Bem o filme é amargo, me senti muito mal após assistir pensando nas milhões de pessoas que sofreram dramas parecidos ao longo de toda a história da humanidade, numa guerra um lado sempre perde, o lado dos civis. E por favor, aquela menina me tirou lágrimas, eu nunca vi tamanho realismo de interpretação para um papel infantil, ela realmente parece uma criança mesmo, a dubladora e os animadores foram perfeitos!
Sobre a sua resenha, só não concordo com sua objeção aos ataques nucleares americanos, não que haja alguma coisa boa em uma bomba atômica, mas pense bem, o Japão ainda não estava rendido, estava sim se preparando para defender a ilha de uma invasão da URSS e dos EUA que ceifariam MILHÕES de vidas, de ambos os lados.
As forças armadas japonesas treinavam até mesmo crianças para resistir a invasão aliada, a guerra certamente se arrastaria por anos!

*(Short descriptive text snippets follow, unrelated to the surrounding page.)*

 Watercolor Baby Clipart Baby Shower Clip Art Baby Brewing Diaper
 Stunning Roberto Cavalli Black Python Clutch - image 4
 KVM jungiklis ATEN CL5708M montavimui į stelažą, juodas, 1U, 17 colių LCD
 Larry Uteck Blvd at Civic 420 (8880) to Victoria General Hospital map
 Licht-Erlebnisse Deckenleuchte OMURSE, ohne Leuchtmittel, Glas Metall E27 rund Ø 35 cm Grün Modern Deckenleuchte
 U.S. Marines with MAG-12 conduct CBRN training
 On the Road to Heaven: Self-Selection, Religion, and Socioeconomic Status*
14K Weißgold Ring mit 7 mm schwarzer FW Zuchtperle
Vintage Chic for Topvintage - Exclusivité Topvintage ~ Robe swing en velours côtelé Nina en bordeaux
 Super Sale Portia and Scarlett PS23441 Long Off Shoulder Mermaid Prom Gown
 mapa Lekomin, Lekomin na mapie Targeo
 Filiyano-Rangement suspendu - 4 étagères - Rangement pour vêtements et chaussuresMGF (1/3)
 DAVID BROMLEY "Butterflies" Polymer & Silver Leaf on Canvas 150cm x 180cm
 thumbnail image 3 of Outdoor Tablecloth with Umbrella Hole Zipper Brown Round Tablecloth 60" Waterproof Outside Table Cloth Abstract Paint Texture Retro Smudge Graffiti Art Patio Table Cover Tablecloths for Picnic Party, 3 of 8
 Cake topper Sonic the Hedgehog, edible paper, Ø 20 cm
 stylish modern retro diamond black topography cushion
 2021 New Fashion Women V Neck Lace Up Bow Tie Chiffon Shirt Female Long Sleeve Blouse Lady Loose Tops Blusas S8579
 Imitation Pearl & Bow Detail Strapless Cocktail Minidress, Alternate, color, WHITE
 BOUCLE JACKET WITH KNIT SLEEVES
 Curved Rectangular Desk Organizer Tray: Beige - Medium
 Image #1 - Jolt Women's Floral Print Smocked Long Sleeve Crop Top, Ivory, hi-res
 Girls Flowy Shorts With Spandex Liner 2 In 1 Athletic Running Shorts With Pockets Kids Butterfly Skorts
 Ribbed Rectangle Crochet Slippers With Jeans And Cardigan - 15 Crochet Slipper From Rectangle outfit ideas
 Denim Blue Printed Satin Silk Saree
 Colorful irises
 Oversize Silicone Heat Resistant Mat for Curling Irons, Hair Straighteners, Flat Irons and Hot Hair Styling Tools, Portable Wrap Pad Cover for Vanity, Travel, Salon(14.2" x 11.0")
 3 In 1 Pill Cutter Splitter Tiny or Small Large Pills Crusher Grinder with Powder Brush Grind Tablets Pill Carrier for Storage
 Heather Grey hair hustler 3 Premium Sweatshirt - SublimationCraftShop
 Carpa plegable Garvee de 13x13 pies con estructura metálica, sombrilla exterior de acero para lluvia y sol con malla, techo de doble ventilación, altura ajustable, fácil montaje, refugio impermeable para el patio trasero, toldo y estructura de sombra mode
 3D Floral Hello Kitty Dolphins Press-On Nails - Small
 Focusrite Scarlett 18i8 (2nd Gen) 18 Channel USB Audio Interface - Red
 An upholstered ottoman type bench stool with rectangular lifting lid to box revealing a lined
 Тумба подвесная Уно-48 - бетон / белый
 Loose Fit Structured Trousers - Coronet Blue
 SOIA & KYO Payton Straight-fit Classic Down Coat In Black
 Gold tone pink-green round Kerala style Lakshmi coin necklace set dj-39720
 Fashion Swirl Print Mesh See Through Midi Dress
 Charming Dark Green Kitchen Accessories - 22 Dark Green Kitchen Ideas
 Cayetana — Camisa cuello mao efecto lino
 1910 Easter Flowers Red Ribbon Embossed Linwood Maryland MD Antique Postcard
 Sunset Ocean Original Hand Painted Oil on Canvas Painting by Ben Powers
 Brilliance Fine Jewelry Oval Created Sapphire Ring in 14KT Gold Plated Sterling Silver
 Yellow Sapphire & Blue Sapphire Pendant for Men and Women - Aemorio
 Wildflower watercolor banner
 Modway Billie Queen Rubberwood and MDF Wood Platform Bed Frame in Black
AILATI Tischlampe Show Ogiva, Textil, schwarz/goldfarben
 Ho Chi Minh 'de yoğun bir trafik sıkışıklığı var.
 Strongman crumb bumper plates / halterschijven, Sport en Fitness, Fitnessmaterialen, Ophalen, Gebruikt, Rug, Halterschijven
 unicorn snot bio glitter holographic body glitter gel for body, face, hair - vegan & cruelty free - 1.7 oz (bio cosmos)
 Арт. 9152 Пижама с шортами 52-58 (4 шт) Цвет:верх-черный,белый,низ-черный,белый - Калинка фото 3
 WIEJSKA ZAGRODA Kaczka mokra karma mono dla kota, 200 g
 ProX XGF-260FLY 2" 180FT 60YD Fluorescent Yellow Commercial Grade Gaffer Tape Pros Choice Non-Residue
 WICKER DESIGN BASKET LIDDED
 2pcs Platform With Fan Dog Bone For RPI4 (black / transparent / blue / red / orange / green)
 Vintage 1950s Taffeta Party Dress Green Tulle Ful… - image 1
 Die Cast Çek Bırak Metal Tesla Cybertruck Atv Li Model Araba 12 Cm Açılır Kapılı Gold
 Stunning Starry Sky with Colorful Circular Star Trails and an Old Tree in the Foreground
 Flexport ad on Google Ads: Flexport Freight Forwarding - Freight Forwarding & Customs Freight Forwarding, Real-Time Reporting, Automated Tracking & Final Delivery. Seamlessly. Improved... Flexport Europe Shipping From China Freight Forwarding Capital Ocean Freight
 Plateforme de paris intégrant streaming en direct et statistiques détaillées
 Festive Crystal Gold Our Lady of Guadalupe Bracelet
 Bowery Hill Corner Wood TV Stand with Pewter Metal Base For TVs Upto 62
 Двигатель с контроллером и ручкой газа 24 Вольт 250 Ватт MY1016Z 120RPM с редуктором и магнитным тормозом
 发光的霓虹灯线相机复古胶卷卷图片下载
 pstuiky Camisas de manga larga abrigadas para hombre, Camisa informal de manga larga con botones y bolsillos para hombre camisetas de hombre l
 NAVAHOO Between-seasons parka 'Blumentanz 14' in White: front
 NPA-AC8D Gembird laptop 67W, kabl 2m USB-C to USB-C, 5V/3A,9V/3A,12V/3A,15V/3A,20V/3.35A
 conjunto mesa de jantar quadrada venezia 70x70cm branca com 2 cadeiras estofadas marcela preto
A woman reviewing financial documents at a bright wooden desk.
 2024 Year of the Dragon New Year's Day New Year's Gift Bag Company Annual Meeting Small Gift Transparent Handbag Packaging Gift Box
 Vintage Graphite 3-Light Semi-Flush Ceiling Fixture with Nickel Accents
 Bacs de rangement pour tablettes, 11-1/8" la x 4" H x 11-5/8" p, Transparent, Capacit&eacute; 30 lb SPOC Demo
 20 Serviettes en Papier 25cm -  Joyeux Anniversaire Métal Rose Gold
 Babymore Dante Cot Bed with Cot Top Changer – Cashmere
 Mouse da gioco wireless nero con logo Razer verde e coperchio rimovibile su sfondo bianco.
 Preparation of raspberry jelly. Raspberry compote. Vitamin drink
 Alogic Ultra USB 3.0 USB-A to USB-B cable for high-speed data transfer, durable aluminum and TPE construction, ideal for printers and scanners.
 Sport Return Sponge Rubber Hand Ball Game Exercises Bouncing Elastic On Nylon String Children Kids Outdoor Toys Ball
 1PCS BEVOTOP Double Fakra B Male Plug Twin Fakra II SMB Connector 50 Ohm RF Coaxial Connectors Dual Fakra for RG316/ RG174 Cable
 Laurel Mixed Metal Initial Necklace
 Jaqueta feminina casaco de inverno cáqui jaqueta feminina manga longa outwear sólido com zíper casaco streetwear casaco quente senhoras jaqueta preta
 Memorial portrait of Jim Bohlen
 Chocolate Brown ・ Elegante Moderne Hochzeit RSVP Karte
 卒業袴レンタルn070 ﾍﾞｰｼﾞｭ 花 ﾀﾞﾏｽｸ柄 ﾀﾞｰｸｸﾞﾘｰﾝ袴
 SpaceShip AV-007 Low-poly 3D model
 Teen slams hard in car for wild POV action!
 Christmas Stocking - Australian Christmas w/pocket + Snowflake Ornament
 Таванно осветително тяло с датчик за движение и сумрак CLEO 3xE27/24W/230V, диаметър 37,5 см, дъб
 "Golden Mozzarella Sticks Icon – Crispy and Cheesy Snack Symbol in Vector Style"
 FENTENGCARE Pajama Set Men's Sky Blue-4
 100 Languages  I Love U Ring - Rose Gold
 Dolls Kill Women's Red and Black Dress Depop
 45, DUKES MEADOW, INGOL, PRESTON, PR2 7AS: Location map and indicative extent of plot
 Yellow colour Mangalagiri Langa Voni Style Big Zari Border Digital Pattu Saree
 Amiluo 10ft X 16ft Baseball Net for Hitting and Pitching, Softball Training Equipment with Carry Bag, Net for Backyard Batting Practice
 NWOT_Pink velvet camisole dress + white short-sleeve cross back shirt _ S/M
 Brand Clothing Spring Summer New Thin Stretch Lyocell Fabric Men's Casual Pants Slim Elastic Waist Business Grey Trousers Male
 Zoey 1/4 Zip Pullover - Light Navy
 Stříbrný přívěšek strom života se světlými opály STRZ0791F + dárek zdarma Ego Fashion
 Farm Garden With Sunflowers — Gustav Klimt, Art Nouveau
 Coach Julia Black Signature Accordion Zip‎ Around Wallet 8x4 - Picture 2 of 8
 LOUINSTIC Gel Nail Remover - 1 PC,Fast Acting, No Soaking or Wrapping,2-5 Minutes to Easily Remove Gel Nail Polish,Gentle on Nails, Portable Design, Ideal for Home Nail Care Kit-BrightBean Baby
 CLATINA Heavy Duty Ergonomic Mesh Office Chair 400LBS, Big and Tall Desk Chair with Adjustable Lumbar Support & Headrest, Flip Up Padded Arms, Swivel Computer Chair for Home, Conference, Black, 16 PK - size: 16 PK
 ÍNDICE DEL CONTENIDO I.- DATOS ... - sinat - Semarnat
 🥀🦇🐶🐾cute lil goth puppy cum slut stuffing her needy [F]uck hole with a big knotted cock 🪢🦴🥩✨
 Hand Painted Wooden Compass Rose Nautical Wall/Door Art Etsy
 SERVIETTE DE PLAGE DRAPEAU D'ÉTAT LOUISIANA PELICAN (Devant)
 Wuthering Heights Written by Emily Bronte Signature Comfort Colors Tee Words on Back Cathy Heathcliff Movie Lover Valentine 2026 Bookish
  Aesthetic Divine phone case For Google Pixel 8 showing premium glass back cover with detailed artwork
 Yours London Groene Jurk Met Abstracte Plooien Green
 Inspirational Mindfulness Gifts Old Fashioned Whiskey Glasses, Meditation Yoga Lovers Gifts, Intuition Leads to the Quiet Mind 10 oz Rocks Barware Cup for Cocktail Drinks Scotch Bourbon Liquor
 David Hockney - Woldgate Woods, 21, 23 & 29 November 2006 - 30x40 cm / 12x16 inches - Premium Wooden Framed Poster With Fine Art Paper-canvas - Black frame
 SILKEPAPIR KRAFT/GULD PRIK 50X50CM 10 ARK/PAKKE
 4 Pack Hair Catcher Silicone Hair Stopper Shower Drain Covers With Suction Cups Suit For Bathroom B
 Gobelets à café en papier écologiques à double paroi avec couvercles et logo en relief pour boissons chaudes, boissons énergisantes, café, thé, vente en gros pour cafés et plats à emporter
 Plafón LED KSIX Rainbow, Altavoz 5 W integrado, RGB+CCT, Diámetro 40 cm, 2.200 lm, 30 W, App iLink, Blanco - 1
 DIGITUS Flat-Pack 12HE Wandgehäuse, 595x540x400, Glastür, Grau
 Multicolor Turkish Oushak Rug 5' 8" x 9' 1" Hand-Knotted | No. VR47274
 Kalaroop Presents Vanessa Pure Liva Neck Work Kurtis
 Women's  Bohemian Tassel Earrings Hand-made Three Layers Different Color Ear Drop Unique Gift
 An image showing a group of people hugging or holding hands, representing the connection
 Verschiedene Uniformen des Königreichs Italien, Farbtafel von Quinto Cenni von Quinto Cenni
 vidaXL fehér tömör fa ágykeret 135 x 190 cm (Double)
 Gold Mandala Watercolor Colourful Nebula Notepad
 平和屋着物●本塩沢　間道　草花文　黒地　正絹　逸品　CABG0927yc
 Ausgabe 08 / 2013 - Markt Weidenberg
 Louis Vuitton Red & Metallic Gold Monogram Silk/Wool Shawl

Hiroshima e Nagasaki foram uma atrocidade, mas como o próprio piloto do Enola Gay dissera à época, foi um golpe duro, que matou milhares para salvar milhões e abreviou o término do conflito, e acredite ou não, mas mesmo depois dos ataques americanos ainda não havia consenso entre os militares japoneses sobre uma rendição.